VTU college in Karnataka, India

MVJ College of Engineering (MVJCE) is a private autonomous engineering college located in Bangalore, Karnataka, India. MVJCE is affiliated with Visvesvaraya Technological University (VTU). It was established in 1982 by Venkatesha Education Society. It is situated on a 15-acre campus in Whitefield, Bangalore.

==History==
MVJ College of Engineering was established in 1982 under Bangalore University affiliation as a flagship institution of the Venkatesha Education Society by Dr. M. V. Jayaraman.

Initially, MVJCE started with undergraduate programs in four disciplines and a modest intake of 200 students. Over the years, the college has expanded its offerings and now provides 15 undergraduate programs, 8 postgraduate programs, and Ph.D. programs across various branches of engineering and management. The college is affiliated with Visvesvaraya Technological University (VTU) and is approved by the All India Council for Technical Education (AICTE).

==Campus==
The MVJCE campus spans over a built-up area of 500,000 square feet. The college offers laboratories, classrooms, seminar halls, and video-conferencing and live media streaming facilities.

===Library===
The central library at MVJCE covers an area of 17,000 square feet and houses over 50,000 books and subscriptions to more than 120 national and international journals. The library also subscribes to over 200 e-journals through the INDEST-AICTE Consortium.

===Hostels===
MVJCE provides hostel facilities for both male and female students.

==Affiliation and accreditation==
All the courses offered by MVJ College of Engineering are affiliated with Visvesvaraya Technological University (VTU), Belagavi & approved by the All India Council for Technical Education (AICTE).

Aeronautical Engineering, Chemical Engineering, Computer Science and Engineering, Electronics and Communication, Electrical and Electronics, Mechanical Engineering, and Information Science and Engineering programs offered by MVJ are accredited by the National Board of Accreditation (NBA), and the college is accredited by the National Assessment and Accreditation Council (NAAC).

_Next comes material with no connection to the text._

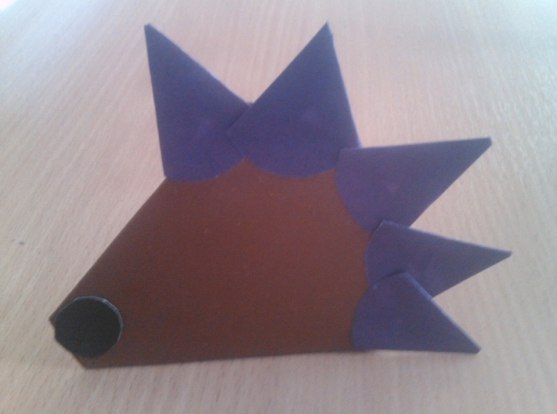 Ежик . Ежик .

Like all higher education institutes in India, MVJCE is recognized by the University Grants Commission (UGC). MVJCE is also approved by the All India Council for Technical Education (AICTE) and some courses are accredited by the National Board of Accreditation (NBA). It is also accredited by the National Assessment and Accreditation Council (NAAC) with a B++ Grade.

==Academics==
Admission to most undergraduate and postgraduate courses in MVJCE is granted through written entrance examinations. The college offers a variety of programs, including B.Tech, M.Tech, MBA, and MCA.

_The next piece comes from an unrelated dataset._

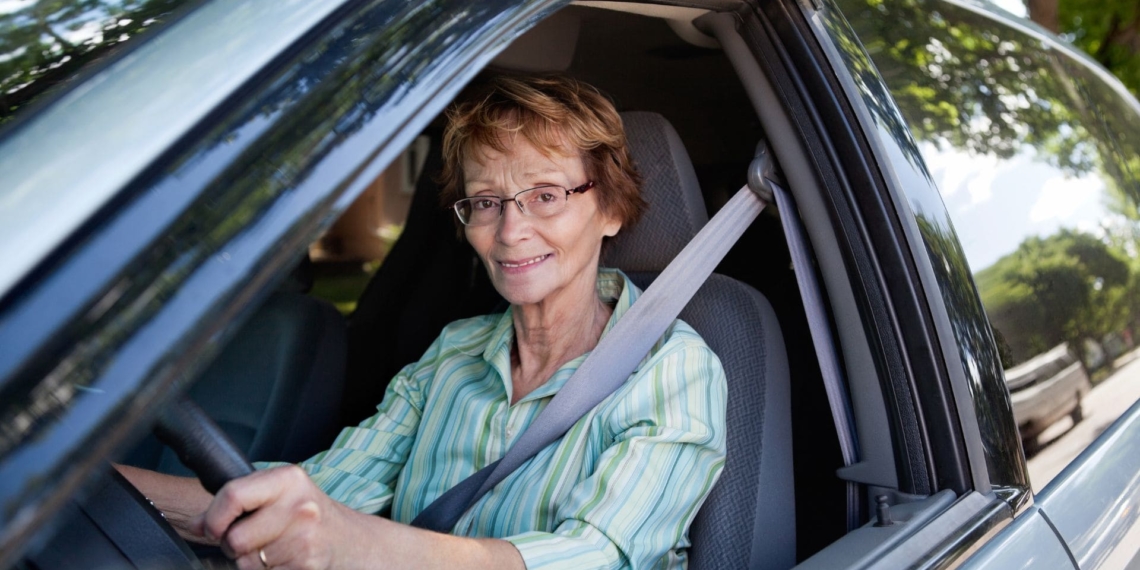 Persona mayor conduciendo un coche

===Undergraduate Programs===
Admission to undergraduate engineering programs (B.Tech) at MVJCE can be obtained through the Karnataka Common Entrance Test or the Consortium of Medical, Engineering and Dental Colleges of Karnataka (COMEDK) entrance examination. Students must have passed the II PUC/12th Standard or equivalent examination with English as one of the languages and obtained a minimum of 45% marks in aggregate in Physics and Mathematics, along with Chemistry/Bio-Technology/Biology/Electronics/Computer Science. For SC/ST and OBC (Cat-1, 2A, 2B, 3A, and 3B category) students from Karnataka, the minimum marks for eligibility shall be 40%.

===Postgraduate Programs===

Admission to postgraduate programs (M.Tech) is primarily granted through the Karnataka Postgraduate Common Entrance Test (PGCET) or the Graduate Aptitude Test in Engineering (GATE). For MBA programs, admission is based on valid scores from the Common Management Admission Test (CMAT) or the Karnataka PGCET.

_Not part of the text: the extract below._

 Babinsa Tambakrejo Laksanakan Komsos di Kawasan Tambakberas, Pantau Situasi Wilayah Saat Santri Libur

==Departments and courses==
MVJ College of Engineering offers 15 undergraduate programmes and 7 postgraduate programmes across various branches of Engineering.

===Undergraduate===
The following four-year undergraduate programs are offered:

1. Aeronautical Engineering
2. Aerospace Engineering
3. Chemical Engineering
4. Civil Engineering
5. Computer Science and Engineering
6. Computer Science and Design
7. Electronics and Communication Engineering
8. Electrical and Electronics Engineering
9. Information Science Engineering
10. Computer Science and Engineering (Data Science)
11. Artificial Intelligence & Machine Learning
12. Mechanical Engineering
13. Industrial IOT
14. Electronics Engineering ( VLSI Design and Technology)
15. Electronics and Communication (Advanced Communication Technology)

===Postgraduate===
The following two-year postgraduate programs are offered:
1. Aeronautical Engineering
2. Artificial Intelligence & Data Science
3. Computer Science and Engineering
4. Structural Engineering
5. Civil Engineering (Transportation Engineering)
6. Electronics Engineering (VLSI Design and Technology)
7. Electronics and Communication (Advanced Communication Technology)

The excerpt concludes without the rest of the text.